J Tukey - The Picasso of Statistics
Fast Fourier Transforms, Exploratory data analysis, box plots, stem-and-leaf plots, rootgram instead of histogram are some of the stellar contributions of this versatile scientist.
George Box
David Cox
Famously remembered for the Box-Cox transformation, a technique used to reduce data variation, make the data more normal distribution-like, improve the correlation between variables and for other data stabilization procedures.
Deming
Deming is credited to have brought quality movement. His contribution to the quality was from a statistical standpoint where he looked at variation in output as a combination of common cause variation and special cause variation. He championed for the reduction of common cause variation and that changed the face of Japan
LÉVY, Paul Pierre
David Dickey ( Dickey-Fuller unit root test - Stationarity test)

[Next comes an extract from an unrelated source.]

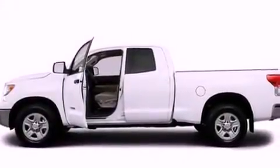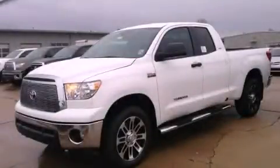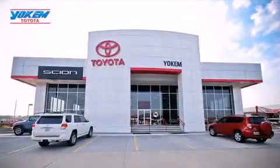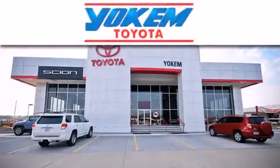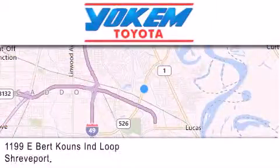Contact us today and schedule your opportunity to see this vehicle in person. Yoakam Toyota is conveniently located at 1199 East Mart Coons in Streetport. Our goal is to exceed all of your expectations to ensure that you'll return for future visits.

Stationarity of residuals , one of the methods to check is the dickey fuller test.
BAHADUR, Raghu Raj
India born mathematical statistician considered by peers to be "one of the architects of the modern theory of mathematical statistics". He is popularly known in the context of Anderson-Bahadur algorithm
Wald
Inverse Gaussian distribution, also called Wald Distribution , came from Abraham Wald.Also popularly known for Wald Chi square Test which is a statistical test, typically used to test whether an effect exists or not. In other words, it tests whether an independent variable has a statistically significant relationship with a dependent variable.
Brad Efron
Credited for discovering "Resampling method", one of the greatest breakthroughs in field of statistics
Finally, the author who has has put a fascinating account of the above personalities and many more, all in one book - Dr. David Salsburg
hey - i work in computation trading and lot of your observations on statistics and finance are really funda. email me and maybe we can catch a meal sometimes - maybe even sriphaphai?
Posted by: arbitrage | January 20, 2009 at 09:52 AM
Sure, Do ping me at vinay_rk@yahoo.com and we can catch up sometime and discuss related stuff.
I really love talking to people who are interested in stats and finance.
Posted by: RK | January 20, 2009 at 06:31 PM
It should be Fisher not Fischer
Posted by: Stephen Senn | August 19, 2009 at 06:08 PM
Thanks Stephen for catching the typo. Have corrected it
Posted by: RK | August 22, 2009 at 04:51 PM
As someone who worked for over 36 years as a test engineer in the semiconductor industry, I found this book wonderfully fascinating. It's a superb historical introduction to statistics and probability theory. The global semiconductor industry would have been impossible without statistical tools that were pioneered by the men and women described in this book.